This is the first thing that came to my mind. I use a regulated iron which I set at 300C and when I kept it attached to the PCB for some time, the blob of solder did attach to the plate and looked like a normal blob. But then it just snapped off as if there was dirt underneath. Which was not since I used soldering acid that had worked every time before that.
I am not sure what wattage is this iron, but I used it with an attached aluminum plate for reflowing an LED on another board and it did it easily.
But OK, I’ll try higher temp. I think the iron can go up to 450C.
So far I am very happy with that single 3K. It does have some tint shift, but for a warm tint this is irrelevant.
The specific 5K I tried was a benchmark mule emitter. On par with my trusty 083 but with the potential for a much higher output. Just need to confirm the observation with the other three 5K LEDs on the board.
The one 4K I tried (out of four on the board) had bad tint shift, that nasty green corona which I hate in 219B/C. Not that much of it, but still unacceptable. This was so strikingly different from the 5K that I was really puzzled. But it looked like the tint shift was different in different directions, which may have to do with the remaining three unlit LEDs, reprocessing the light of the lit LED.
Regardless of the tint shift, the on-axis tint was excellent in all the CCTs. No green, no magenta, but I’ll need to double check this in a well illuminated ambient light conditions. My little workshop was not like that today.
So next thing will be to test the consistency of the tint shift patterns across the samples.
These are all on-axis measurements for both bare leds and with a reflector, right?
What I find interesting is that with the reflector, the LEDs up to 4K keep their CCT while for the 5K and 6.5K LEDs the spot is ~500K cooler than the spill, which means that the tint shift in cooler LEDs is different from that of the warmer ones.
EDIT: what kind of sensor do you use? I have an x-bright i1, that came as part of my display calibration bundle, do you think is it the right tool for your kind of measurements?
It’s an x-rite i1pro. You can measure tint (cct and duv, xy coordinates) with the i1 display (pro) colorimeter, but not the CRI, which requires spectral data from a spectrometer. I recommend using the Argyll tools, especially spotread.exe.
For manual reflow we strongly suggest Pb63Sn37 solder paste. Poorer wetting of leadfree solder paste requires precise dispensing and LEDs placement.
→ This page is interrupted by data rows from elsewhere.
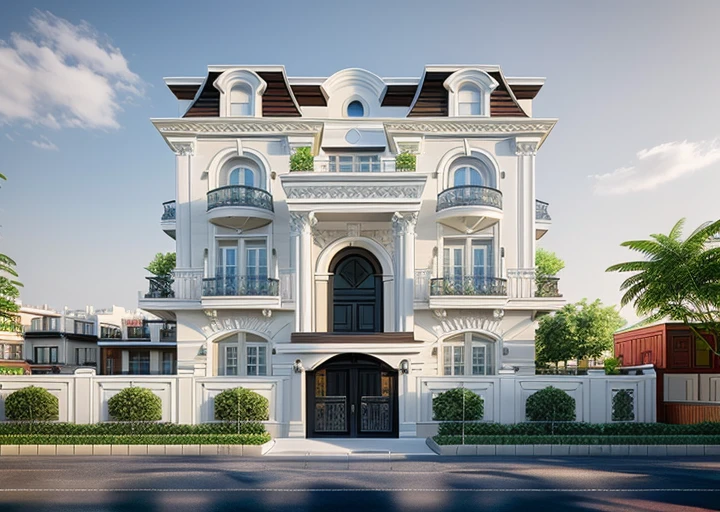 a rendering of a row of modern apartment buildings with balconies, neo - classical style, neo - classical, neo-classical, wide angle exterior 2022, precise architectural rendering, neoclassical style, exterior design, inter dimensional villa, high quality rendering, architectural rendering, residential, neo classical architecture, ultra realistic rendering, rich house, architectural visualization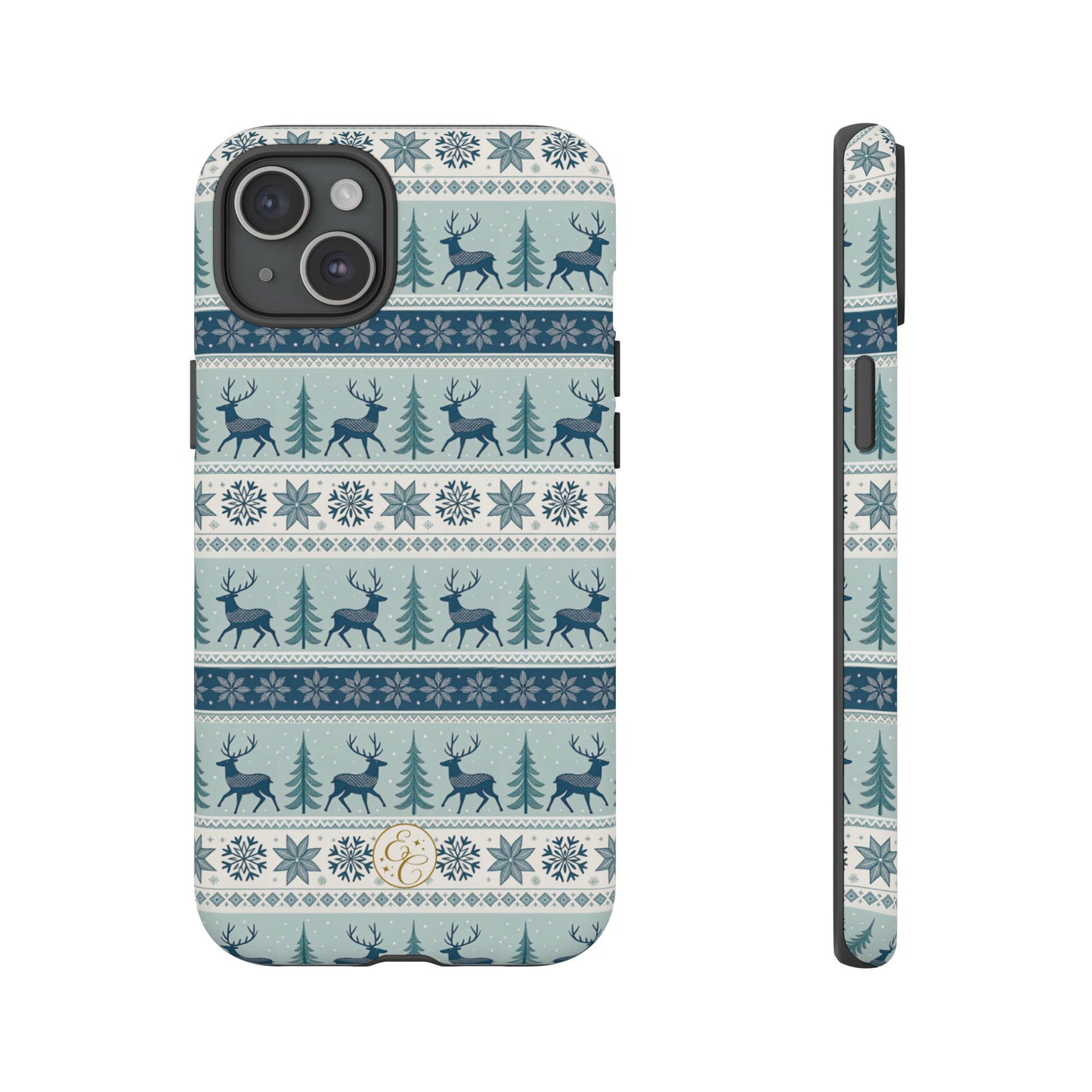 Blue Winter Reindeer Tough Phone Case
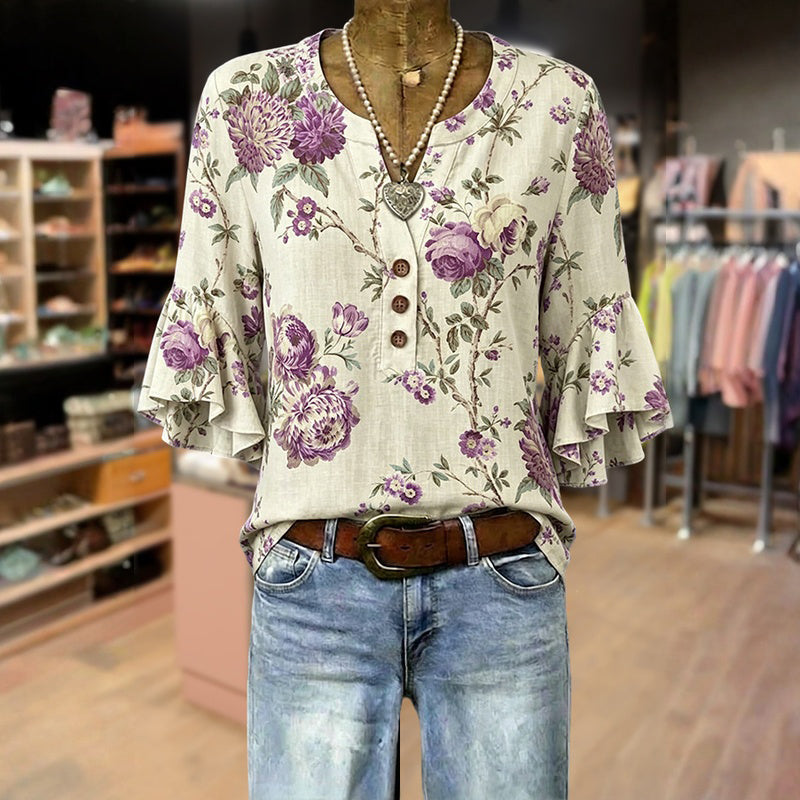Inspiración Vintage-Blusa de Seda con Motivo Botánico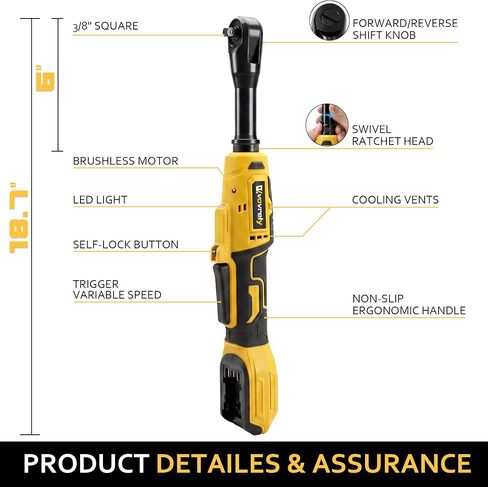3/8" Electric Ratchet Wrench for DEWALT 20V Battery, 88Ft-Lbs | 6-inch Extended, 300RPM, Variable Speed, 8 Sockets,1/2" & 1/4" Adapters, 3" Extension Bar (Tool Only), for Engine Repair in Kuwait
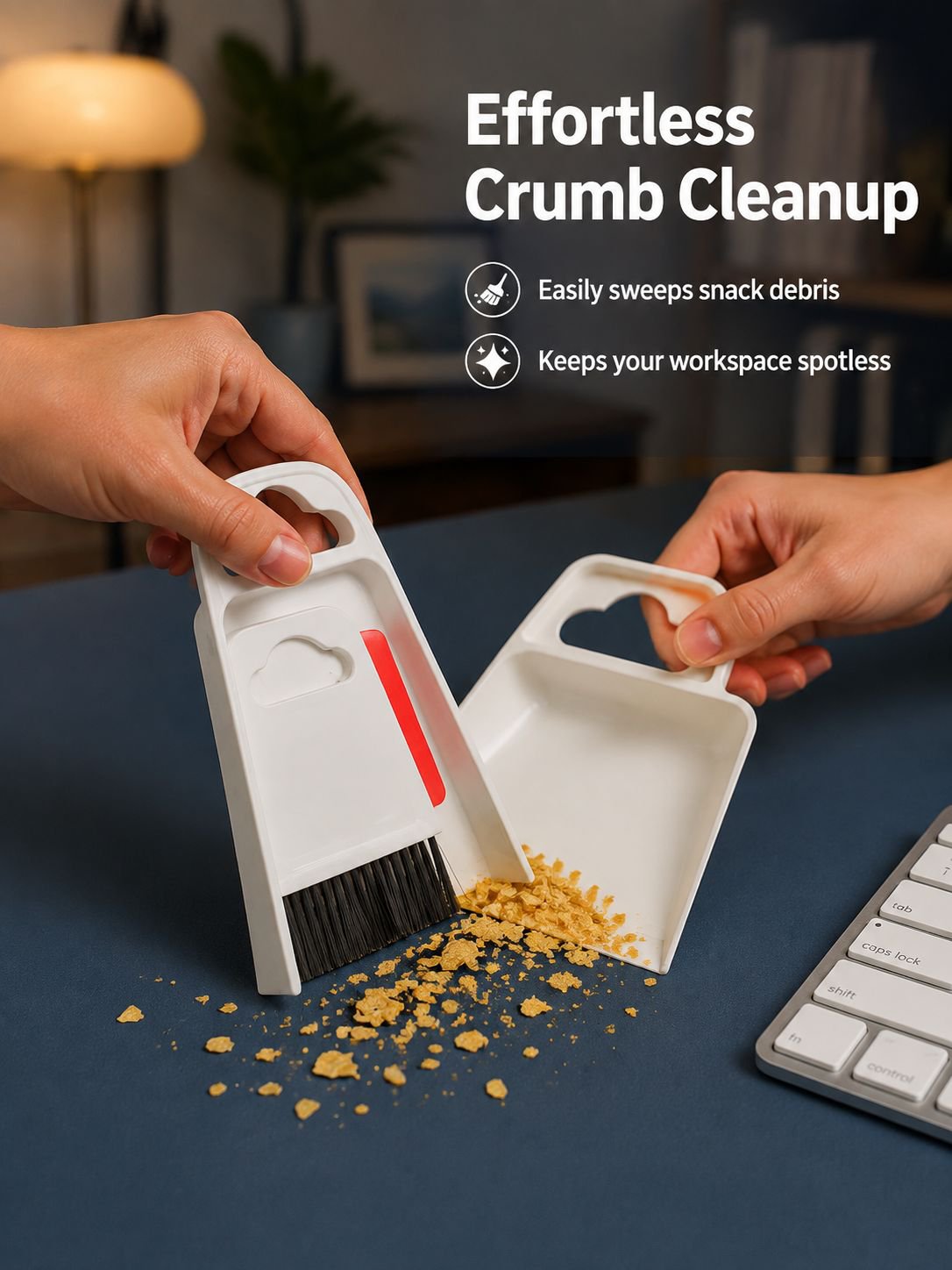Close-up of mini broom bristles sweeping crumbs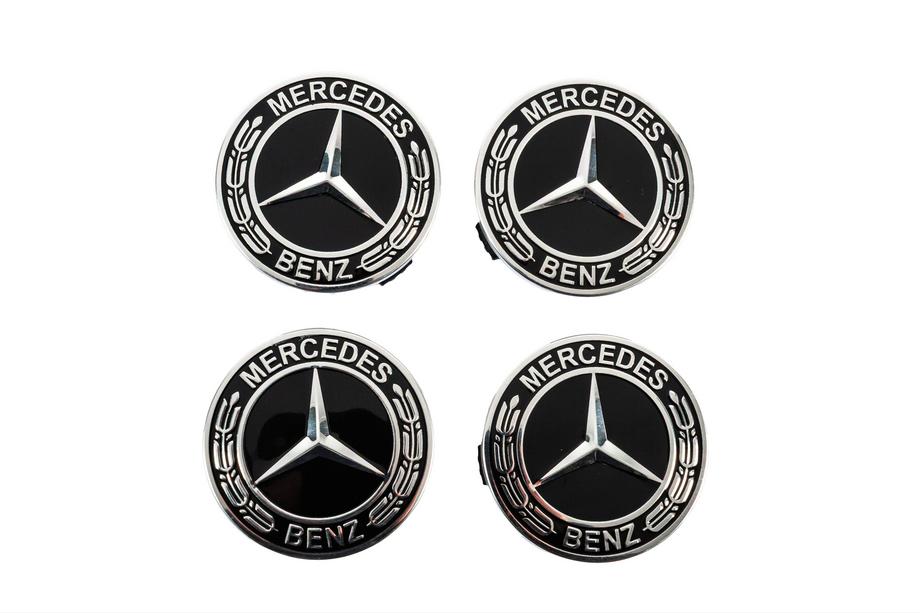 Mercedes-Benz Tapacubos 71/75 mm sin aro (juego de 4, negro V5) Image
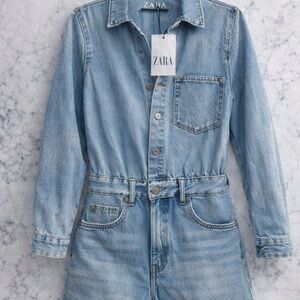 ZARA Premium Denim Utility Romper — Belted Distressed Jean Playsuit — NWT —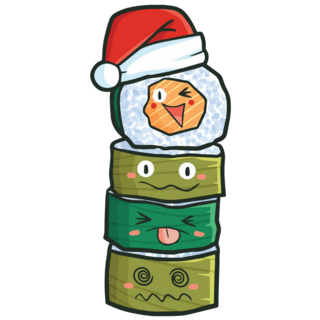 Santa Sushi Stack Sticker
The ultra thin solder mask/solder resist is somewhat fragile, especially in hot temperature during reflow process. Avoid any hard and sharp objects on it.
Solder mask is rated to survive multiple reflows up to 300°C only for a brief moment (< 30 seconds). Prolonged high temperature exposure above 240°C will make it less white while still functional
Soldering LED wire can be difficult because the board is very thermally conductive.
Fixes: Use more powerful solder iron with as big as possible tip, pre-heat the base (or the case/host), use intermediate wire (solder a short slave wire to the pad first).
Note: I successfuly solder all the boards using 30 watt solder iron with board temperature of 150C or...
200 watt solder iron at base temp of 100C. I use cheap Dekko 30 - 200 watt iron with big pointy (blunt) tip. My more expensive 20 - 130 watt Hakko Presto is too weak after I modified it to finer tip.
Just to add to the soldering discussion:
For soldering wires to the MCPCB pads, I use a faulty 60W soldering iron.
It doesn’t stop heating, keeps going hotter and hotter, until it glows dark red (you can see it when you turn the lights off). When you then touch some solder wire, the solder evaporates or something, at least it’s not on the soldering tip.
But holding the tip on the mcpcb, and then adding solder works perfectly, like working on a normal pcb.